「ちょっと莉音!!」

「……」


案の定、次の日学校へ行くと真理子の甲高い声が耳を掠めた。


「あんたねぇ、何で毎回毎回勝手に帰っちゃうのよ!!」

「だって…」

「だってじゃないでしょ?ビックリだよ、ほんとに」

「ごめん」

「で?先輩とどこ行ってたのよ」


さっきとは打って変わって、蔓延の笑みに変わる真理子は嬉しそうにあたしを見つめた。


「先輩?」

「そうよ。昴先輩。サクヤ先輩がさ、一緒に帰ったって言ったから」

「別に送ってもらっただけ」

「ほんとにそれだけ?」

「それだけ」

「へー…でも優しいよね先輩」

「はいっ!?」

「だってさ、家まで送るって訳ありじゃん」

「訳ありって?」

「普通しないっしょ、わざわざ自転車で送るって。

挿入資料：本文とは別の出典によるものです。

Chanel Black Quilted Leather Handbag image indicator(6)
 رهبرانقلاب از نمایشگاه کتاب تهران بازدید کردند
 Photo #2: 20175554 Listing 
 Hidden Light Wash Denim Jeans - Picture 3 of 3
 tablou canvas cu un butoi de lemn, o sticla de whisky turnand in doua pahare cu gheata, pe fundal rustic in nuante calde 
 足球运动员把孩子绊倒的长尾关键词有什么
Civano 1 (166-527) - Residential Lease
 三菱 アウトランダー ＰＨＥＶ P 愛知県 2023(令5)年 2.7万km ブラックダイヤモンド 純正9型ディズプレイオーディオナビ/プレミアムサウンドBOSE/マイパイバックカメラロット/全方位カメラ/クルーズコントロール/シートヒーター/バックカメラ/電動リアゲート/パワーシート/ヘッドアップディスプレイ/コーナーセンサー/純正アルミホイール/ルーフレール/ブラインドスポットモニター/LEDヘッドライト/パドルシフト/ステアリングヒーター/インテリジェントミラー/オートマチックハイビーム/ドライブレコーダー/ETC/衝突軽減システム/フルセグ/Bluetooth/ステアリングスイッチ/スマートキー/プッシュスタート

莉音を特別だと思ってるからだよ」

「そんな事あるわけないじゃん。やっぱ先輩は嫌い。もう誘わないでよ」


ほんとに嫌い。

だって冷たいんだもん。

お姉ちゃんにはあんな態度とらないのに。

なんであたしだけなの?


「もー、そんな事言わないの。みんなと遊んだら楽しいでしょ?」

「楽しくないから。真理子まで嫌いになっちゃうよ」

「もぅ、莉音ったら…」


つい、そんな事を言ってしまったから真理子はため息を吐いて頬を膨らませる。

そんな真理子から視線を外し、席に着いたあたしは鞄の中から金平糖を取り出した。

そこから適当に何粒か取り出し、口の中に放り込む。

と、次第に潤んでくる目に悔しくなった。